10 Educational Apps for Your Kids This Holiday Season
You’ve gotten your child a new tablet for the holidays, or maybe you want to clean the clutter off her old hardware and breathe some new life into it for the new year. The big question is: what should you put on it?
The app stores at Apple, Google and even Microsoft are increasingly full, bursting at the seams with the very latest digital ideas. From utilities and productivity apps to whimsical diversions and games, from learning tools to emerging social media platforms, the variety is stunning.
Separating what is and is not worth installing isn’t easy. Finding what’s worth installing and keeping for your children pushes things even further, as we tend to have a more critical eye for the media our children consume. Ideally, you want to find apps that aren’t just useful, but actually teach them something along the way.
In addition to the stalwarts like Evernote, Google Drive and YouTube, what other apps are worth their weight in educational gold? The 10 apps below are good places to start.

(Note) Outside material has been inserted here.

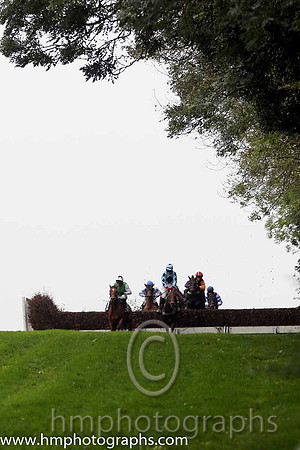 06 Icelip and J l Cullen - - 06th (3 ,Light green, white sleeves ) Trainer - D M O'Brien  03 Darwins Theory and G N Fox - - 03rd (1 ,Light blue, dark blue diamond ) Trainer - J Queally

1. Bitsboard. Bitsboard is an app that is part discovery tool, part multimedia flashcard system. Think of it as a dynamic and gamified index of educational topics. Bitsboard engages learners by making a game of the learning process, and has more than two dozen variations on those approaches, from basic matching and true or false, to memory games and word searches. You can make your own boards or download from existing boards created by others. Bitsboard is available for both iOS and Android.

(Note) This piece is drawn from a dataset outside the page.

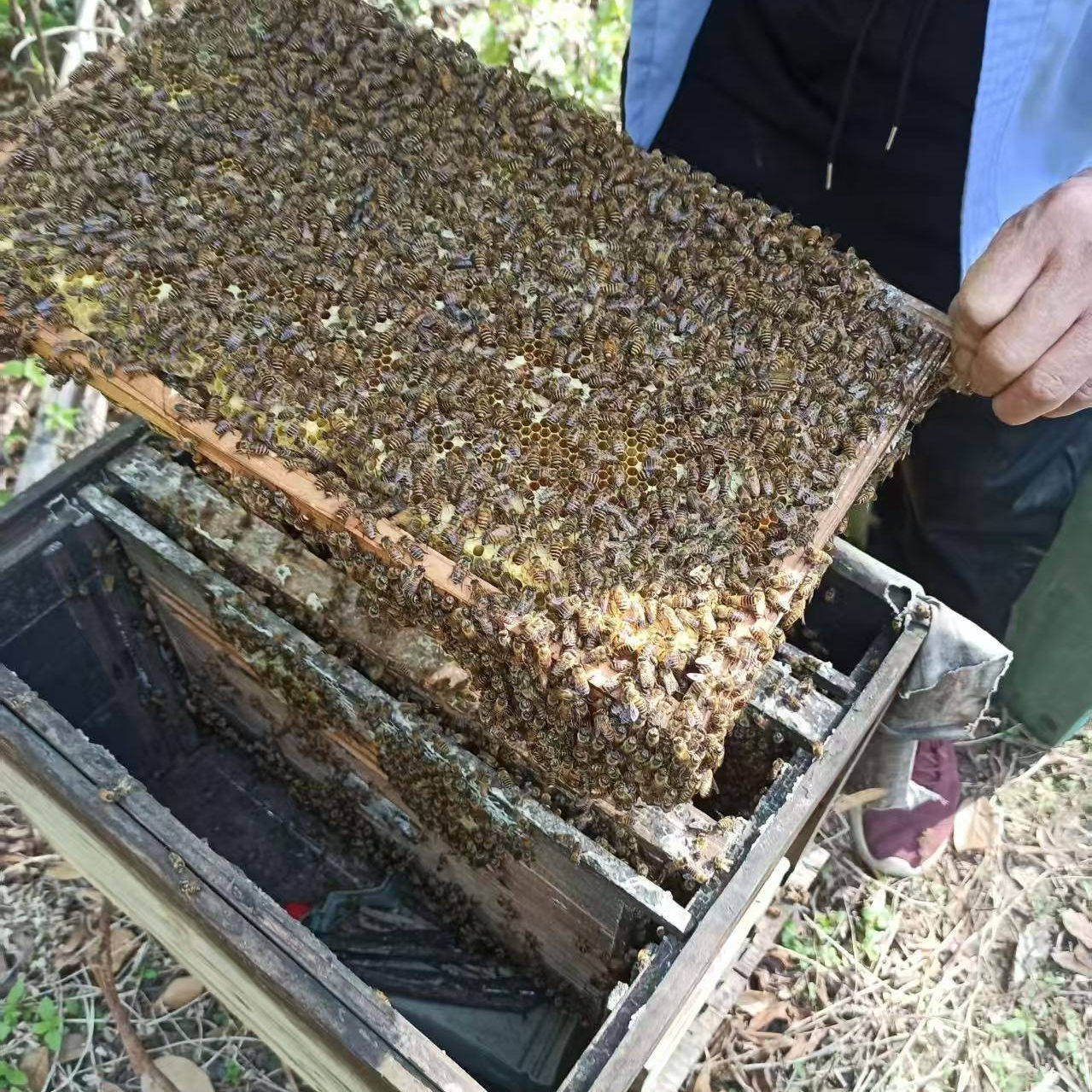 活体蜜蜂群 中蜂蜂群 带王蜜蜂群 阿坝中蜂中华土蜂笼蜂出售包邮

2. Pocket. Pocket is what it sounds like—a digital pocket to save what’s worth saving for later reading and reference. Articles to read for pleasure, research sources, ideas for projects, and more can all be saved. Files can be curated through browser extensions, “send to” options within other apps, email and more. It’s the best curation tool we’ve used, functional, elegant and designed to interface with many of the other apps you use on a daily basis. Pocket is available for both iOS and Android.

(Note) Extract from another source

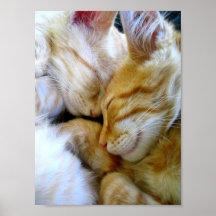 Snuggle Kittens Poster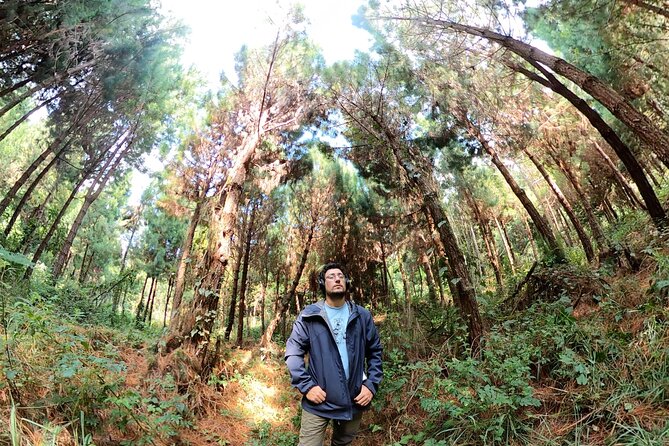 Bioacoustic Ecotourism Play Flora and Listen Fauna in Oxapampa - Discovering the Fauna of Oxapampa Through Sound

3. Sandbox. Sandbox is an educational game that allows children to experiment with the elements of the universe in digital form. Combine water and heat to make steam. Use an earthquake to cause a tsunami. Complete electrical circuits. Through hands-on (if we can count the digital screen as “on”) interaction, students have a chance for experiential learning with STEAM and Maker concepts. They literally play with the elements, as pixels, right there on the screen. Sandbox is available for both iOS and Android.
4. Storehouse. Storehouse is a visual storytelling app for iOS that allows your child to quickly build elegant and engaging digital media “pages.” In a simple drag-and-drop format, your child can embed videos, pictures and text to tell stories, express ideas, document processes, and more. And if she gets just a little bit creative with the text features and images and video, when she's done she'll have something better than the sum of those individual parts. Storehouse is currently available for the iOS platform only.
5. Today’s Doc. Today’s Doc is a series of 365 important documents in American history. From the Declaration of Independence to the Emancipation Proclamation to various presidential inaugural addresses, this app allows children to see important milestones in the relatively short and tumultuous history of the United States one document at a time. Even for international students, this compressed history of the United States can be a revealing study in how nations form. Today’s Doc is currently available for the iOS platform only.
6. Knowji. Knowji is a series of vocabulary learning apps that introduce children to new words in context. Words have pictures, sentence usage, synonyms, antonyms, and more to help children make sense of unfamiliar language. Most useful, however, is the adaptive component of Knowji apps that help tailor the experience for individual users, making it a more authentic learning experience for your child. Knowji is currently available for the iOS platform only.
7. Duolingo. Duolingo is widely accepted as the best free language learning app available. Duolingo introduces children to a carefully scaffolded sequence of learning opportunities, starting with simple vocabulary, and eventually working up to conversational foreign language use. It’s also gamified, and lets users compete with others as they progress. Duolingo is available for both iOS and Android.
8. Brainfeed. Brainfeed organizes the chaos that is YouTube into interesting, and often compelling channels that children can browse to see what strikes their fancy. YouTube is an extraordinary source of useful content, but it can be hard to find what you’re looking for. Brainfeed is an attempt to make that process easier, and it succeeds phenomenally at that task. Brainfeed is currently available for the iOS platform only.
9. Kindle. You’re probably familiar with the concept of Kindle; now, what used to be hardware to read books is also an app for iOS and Android. Your child may think he hates to read, but it’s far more likely that he's simply a picky reader. With literacy the foundation of almost all formal learning, reading is crucial. Apps like Kindle and iBooks offer an enormous digital library available at a single click, and samples for almost every single one. This makes reading more accessible than ever, and apps like Kindle among the most important additions to your tablet of choice. Kindle is available for both iOS and Android.
10. Summary Pro. Summary Pro is one of the most useful PDF tools available. Assuming they’re old enough to seek out, work with, create and save PDF files, Summary Pro will allow kids to take digital content from other apps and create summaries, notes and other useful “idea forms” for saving, sending or publishing. It also works with Microsoft Word, Apple Pages and other software they’re accustomed to using. Summary Pro is currently available for the iOS platform only.